Solved – Measure the uniformity of a distribution over weekdays

distributionsmeasurementprobabilityrandom variableuniform distribution

I have a similar problem to the question asked here:

How does one measure the non-uniformity of a distribution?

I have a set of probability distributions over the days of the week. I want to measure how close each distribution is to (1/7,1/7,…,1/7).

At the moment I am using an answer from the above question; an L2-Norm, which has value 1 when the distribution has mass 1 for one of the days, and is minimised for (1/7,1/7,…,1/7). I am linearly scaling this so it lies between 0 and 1, then flipping it so 0 means perfectly non-uniform and 1 means perfectly uniform.

This works pretty well, but I have one issue with it; it treats each weekday equally as a dimension in 7-Dim space, so it doesn't account for the nearness of days; in other words, it gives the same score to (1/2,1/2,0,0,0,0,0) and (1/2,0,0,1/2,0,0,0) even though in some sense the latter is more "spread out" and uniform, and should ideally get a higher score. There is obviously the added complication that the ordering of days is circular.

How can I alter this heuristic to account for the nearness of days?

Best Answer

The earth mover distance, also known as the Wasserstein metric, measures the distance between two histograms. Essentially, it considers one histogram as a number of piles of dirt and then assesses how much dirt one needs to move and how far (!) to turn this histogram into the other. You would measure the distance between your distribution and a uniform one over the days of the week.

This of course accounts for the nearness of days - it's easier to move "dirt" from Monday to Tuesday than from Monday to Thursday, so (1/2,0,0,1/2,0,0,0) would have a lower earth mover distance from the uniform distribution than a histogram that is concentrated on Monday and Tuesday.

What this does not do is consider the "circularity" of the week, i.e., that Saturday and Sunday are as close together as are Sunday and Monday. For that, you would need to look for an earth mover distance defined on circular probability mass distributions. This should be doable using a suitable optimization approach.

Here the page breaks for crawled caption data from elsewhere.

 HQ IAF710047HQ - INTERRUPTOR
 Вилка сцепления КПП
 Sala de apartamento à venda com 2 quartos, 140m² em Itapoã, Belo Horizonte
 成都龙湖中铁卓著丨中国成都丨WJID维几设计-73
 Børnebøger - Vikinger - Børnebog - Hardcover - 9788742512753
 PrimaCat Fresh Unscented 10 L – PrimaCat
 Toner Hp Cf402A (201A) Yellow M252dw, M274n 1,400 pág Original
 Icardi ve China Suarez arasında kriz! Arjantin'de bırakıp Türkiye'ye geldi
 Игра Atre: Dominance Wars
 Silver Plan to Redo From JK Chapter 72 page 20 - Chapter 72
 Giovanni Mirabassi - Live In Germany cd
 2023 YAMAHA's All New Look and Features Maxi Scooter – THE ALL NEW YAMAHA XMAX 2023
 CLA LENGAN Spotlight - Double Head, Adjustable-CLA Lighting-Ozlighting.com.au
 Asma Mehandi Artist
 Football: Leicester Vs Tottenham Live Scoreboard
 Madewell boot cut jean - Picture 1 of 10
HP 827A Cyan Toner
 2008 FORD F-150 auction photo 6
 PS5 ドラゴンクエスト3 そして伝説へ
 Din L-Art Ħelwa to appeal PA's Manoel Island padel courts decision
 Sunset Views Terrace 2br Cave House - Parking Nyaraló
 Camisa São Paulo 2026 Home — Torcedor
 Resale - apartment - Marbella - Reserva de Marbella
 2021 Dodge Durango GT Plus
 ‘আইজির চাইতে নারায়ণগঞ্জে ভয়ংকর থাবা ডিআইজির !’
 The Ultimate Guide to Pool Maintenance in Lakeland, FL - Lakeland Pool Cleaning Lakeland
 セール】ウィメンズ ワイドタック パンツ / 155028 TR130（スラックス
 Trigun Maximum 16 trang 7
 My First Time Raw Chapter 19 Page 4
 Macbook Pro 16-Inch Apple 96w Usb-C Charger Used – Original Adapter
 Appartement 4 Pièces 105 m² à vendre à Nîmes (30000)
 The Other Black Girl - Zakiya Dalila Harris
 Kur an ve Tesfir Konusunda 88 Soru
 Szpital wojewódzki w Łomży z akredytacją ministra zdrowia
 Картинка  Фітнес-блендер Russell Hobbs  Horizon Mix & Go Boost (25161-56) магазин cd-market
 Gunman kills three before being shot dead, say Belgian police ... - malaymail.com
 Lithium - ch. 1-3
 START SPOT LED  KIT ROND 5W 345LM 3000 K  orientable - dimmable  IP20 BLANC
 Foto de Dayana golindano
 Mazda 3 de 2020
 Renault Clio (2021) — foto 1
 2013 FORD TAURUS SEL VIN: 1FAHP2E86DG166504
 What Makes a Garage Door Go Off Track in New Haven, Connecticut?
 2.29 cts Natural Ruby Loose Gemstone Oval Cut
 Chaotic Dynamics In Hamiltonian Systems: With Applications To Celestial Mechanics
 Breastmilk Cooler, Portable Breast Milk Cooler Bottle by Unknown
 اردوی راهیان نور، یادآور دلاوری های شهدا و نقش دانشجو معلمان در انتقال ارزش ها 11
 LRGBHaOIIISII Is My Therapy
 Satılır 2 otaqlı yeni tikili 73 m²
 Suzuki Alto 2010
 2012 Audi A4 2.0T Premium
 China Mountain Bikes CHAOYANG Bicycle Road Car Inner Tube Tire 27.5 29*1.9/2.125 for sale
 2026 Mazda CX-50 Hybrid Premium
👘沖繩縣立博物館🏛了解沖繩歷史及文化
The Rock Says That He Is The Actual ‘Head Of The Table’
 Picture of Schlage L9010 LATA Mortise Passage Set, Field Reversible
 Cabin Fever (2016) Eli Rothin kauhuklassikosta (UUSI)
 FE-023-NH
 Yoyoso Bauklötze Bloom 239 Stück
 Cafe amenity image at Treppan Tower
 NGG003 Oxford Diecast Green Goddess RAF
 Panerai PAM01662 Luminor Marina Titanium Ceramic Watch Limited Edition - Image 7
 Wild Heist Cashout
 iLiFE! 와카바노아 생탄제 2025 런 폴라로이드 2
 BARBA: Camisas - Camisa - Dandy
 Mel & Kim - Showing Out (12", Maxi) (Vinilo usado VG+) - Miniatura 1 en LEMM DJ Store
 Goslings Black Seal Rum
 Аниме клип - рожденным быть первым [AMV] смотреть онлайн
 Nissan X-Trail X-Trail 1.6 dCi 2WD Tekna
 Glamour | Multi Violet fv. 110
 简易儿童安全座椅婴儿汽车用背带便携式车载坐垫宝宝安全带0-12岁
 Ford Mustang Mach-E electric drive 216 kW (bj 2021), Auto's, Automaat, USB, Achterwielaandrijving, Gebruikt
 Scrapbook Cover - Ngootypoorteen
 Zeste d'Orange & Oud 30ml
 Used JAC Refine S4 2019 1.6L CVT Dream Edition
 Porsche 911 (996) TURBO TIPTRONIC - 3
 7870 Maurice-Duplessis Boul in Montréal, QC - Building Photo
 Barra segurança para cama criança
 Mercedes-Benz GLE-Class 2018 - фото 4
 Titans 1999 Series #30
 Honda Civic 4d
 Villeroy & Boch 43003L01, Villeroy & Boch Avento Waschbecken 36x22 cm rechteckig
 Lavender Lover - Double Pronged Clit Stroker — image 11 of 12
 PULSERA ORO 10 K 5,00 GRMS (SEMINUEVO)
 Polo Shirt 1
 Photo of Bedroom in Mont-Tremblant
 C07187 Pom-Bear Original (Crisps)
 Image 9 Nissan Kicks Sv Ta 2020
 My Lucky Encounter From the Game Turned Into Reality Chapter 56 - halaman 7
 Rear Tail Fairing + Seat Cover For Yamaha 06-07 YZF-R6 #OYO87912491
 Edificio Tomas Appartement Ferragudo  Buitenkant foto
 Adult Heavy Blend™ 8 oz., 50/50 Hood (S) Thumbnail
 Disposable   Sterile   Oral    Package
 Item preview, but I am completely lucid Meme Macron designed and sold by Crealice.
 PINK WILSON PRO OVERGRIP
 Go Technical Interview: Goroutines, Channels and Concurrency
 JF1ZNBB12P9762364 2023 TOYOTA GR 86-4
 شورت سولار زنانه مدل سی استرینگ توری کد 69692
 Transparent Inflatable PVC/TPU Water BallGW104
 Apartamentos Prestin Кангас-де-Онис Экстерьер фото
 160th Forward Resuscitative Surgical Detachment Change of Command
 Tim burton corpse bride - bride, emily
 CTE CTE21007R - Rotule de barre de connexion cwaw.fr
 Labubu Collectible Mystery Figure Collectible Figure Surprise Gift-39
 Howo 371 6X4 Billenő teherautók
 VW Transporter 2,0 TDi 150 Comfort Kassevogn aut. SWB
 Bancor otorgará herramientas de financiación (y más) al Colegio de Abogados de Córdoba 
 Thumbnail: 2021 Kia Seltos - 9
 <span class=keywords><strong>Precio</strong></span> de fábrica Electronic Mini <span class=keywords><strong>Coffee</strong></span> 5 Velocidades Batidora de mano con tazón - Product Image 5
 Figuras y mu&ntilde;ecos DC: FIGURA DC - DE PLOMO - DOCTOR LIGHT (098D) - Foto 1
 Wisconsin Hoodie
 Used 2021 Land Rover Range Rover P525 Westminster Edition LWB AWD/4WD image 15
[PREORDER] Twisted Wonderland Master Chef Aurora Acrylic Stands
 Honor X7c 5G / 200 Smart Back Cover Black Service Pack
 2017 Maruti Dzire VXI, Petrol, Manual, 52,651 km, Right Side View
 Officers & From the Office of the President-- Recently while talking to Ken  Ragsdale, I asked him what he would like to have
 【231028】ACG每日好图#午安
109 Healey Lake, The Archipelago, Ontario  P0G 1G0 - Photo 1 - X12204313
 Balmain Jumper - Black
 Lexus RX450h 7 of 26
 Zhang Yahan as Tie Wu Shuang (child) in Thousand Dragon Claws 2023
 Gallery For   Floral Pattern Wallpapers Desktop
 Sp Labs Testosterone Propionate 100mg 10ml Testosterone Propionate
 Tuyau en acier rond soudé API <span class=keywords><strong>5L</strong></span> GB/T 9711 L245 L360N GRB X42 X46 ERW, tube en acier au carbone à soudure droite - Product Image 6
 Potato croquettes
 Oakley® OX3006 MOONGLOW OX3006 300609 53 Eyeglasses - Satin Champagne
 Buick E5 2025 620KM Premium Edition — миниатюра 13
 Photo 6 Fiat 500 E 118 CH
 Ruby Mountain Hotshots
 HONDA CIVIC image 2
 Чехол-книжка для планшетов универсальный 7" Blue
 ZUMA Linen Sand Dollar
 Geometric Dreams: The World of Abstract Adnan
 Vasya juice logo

EDIT: In R, the emd package calculates earth mover distances between histograms.

You can address the "circularity" issue in a fairly simple (though ad-hoc) way.

  • Calculate an earth mover distance $d_1$ between your distribution and a uniform distibution on Monday through Sunday.
  • Calculate a distance $d_2$ against a uniform distribution on Tuesday through Monday.
  • Calculate a distance $d_3$ against a uniform distribution on Wednesday through Tuesday.
  • ...
  • Finally, as the final distance, use the mean of $d_1, \dots, d_7$.

This takes care of the circularity at the expense of a couple of additional calculations.

2nd EDIT: this is not the circular earth mover distance as such. For that, you'd need to look through some of the literature a search will turn up. If the best way to move dirt between days involves moving it two days from Saturday to Monday, this will show up in five out of the seven $d_i$, but not in the remaining two (where the dirt will need to be moved five days).

However, I'd still consider this a potentially useful way to at least consider the circularity in some manner - certainly better than just using a single histogram and defining the week as going from Sunday to Saturday or in some other arbitrary manner. Plus, while some links above turn up implementations for the circular earth mover distance, I'm not aware of one for R, which is probably the most-used language here.